### Material provided
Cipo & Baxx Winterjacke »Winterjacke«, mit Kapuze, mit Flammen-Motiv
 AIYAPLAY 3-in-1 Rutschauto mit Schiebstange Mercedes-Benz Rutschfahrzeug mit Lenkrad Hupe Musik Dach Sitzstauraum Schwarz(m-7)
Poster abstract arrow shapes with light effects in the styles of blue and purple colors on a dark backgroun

### Aim of the task
The data must be output in full, exactly as given.

### The completed task
Cipo & Baxx Winterjacke »Winterjacke«, mit Kapuze, mit Flammen-Motiv
 AIYAPLAY 3-in-1 Rutschauto mit Schiebstange Mercedes-Benz Rutschfahrzeug mit Lenkrad Hupe Musik Dach Sitzstauraum Schwarz(m-7)
Poster abstract arrow shapes with light effects in the styles of blue and purple colors on a dark backgroun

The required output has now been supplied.